Right, so I’m here in Colorado and have just completed the first week of my Fast Track course. As I’m too tired to write anything during the week (and really need to go to bed as soon as I get back to the condo anyway), all of my blog posts will be written on the weekend and will be, as my roomie and travel companion Alex would say, epic. Those with great intestinal fortitude, read on.
Week 1 of our adventure was really our journey to Colorado, which took almost a week from the time we left home to having the horses settled at the Parelli Center. The length of the trip had given me great pause when I signed up for the course, but it turned out to be much easier than I had imagined possible, in large part because Lupin and I both had excellent travel companions. 28 hours on the road by myself with a horse to worry about would have been tedious if not downright harrowing, but with Alex and Indy along, it was actually kind of fun. They’re both easy-going spirits whose company it would be difficult not to enjoy, and Alex and I were able to stay onsite with the horses every night on the road, which made things much less stressful.

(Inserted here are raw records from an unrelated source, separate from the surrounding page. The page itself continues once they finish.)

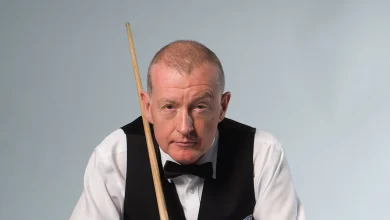 Steve Davis: How Snooker’s First Modern Superstar Built a Legacy—and a Fortune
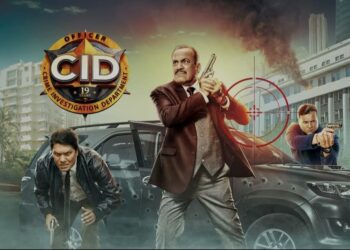 सीआईडी टिभी शोका फ्यानहरूका लागि खुसीको खबर, भोलि नयाँ सिजनको प्रोमो सार्वजनिक हुँदै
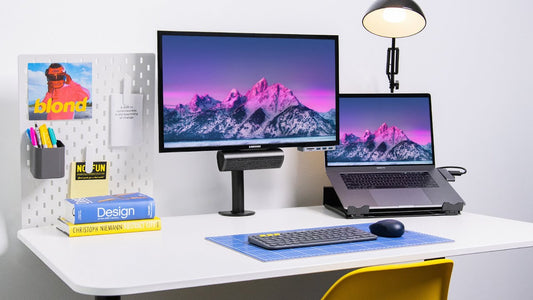 Study Smarter in 2025 — Gadget Grove’s Top Tech Essentials for Students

So with nothing much to report from our trip, we’ll move on to the course itself.
Day 1
Monday morning we got up at 6:30 in order to have the horses, who were boarded down the road for the weekend, to the Parelli Center by 8. As we hadn’t spent much time on trailer loading beyond what was absolutely necessary on the road, we took a little time loading both boys before we left—an activity that indicated we might have had a little slippage in that area over the course of the trip. But we got a little improvement, got them loaded up, and headed for the Parelli Center.

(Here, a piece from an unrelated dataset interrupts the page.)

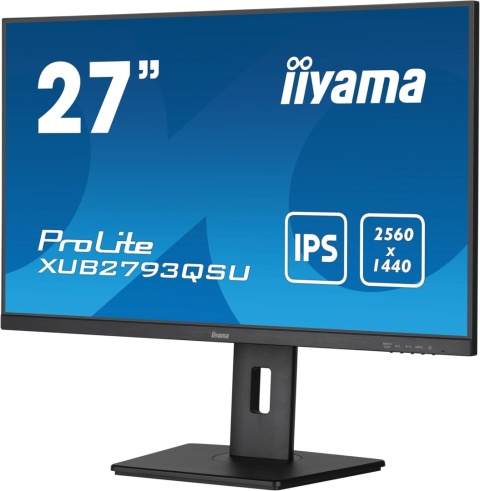 IIYAMA XUB2793QSU-B7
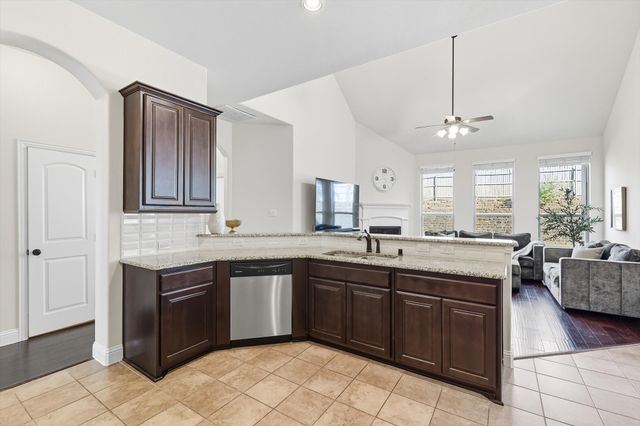 632 Grisham Drive, Fate, TX 75087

Check-in was uneventful despite the mostly rainy, slightly chilly weather (rain in Colorado is more like Irish rain than Southern US rain: an intermittent, mostly light downfall that doesn’t impede activity). We were assigned pen numbers for our horses and off-loaded our stuff into corresponding locations in the tack cabins, feed containers, and cubby holes in the lodge. (Lupin’s pen is at the top of a hill, so that I get plenty of exercise carrying blankets and water buckets and pushing wheelbarrows up and down the hill. The appropriate response to such a situation in Parelli land is: “Oh boy! I get to build some extra physical stamina!”)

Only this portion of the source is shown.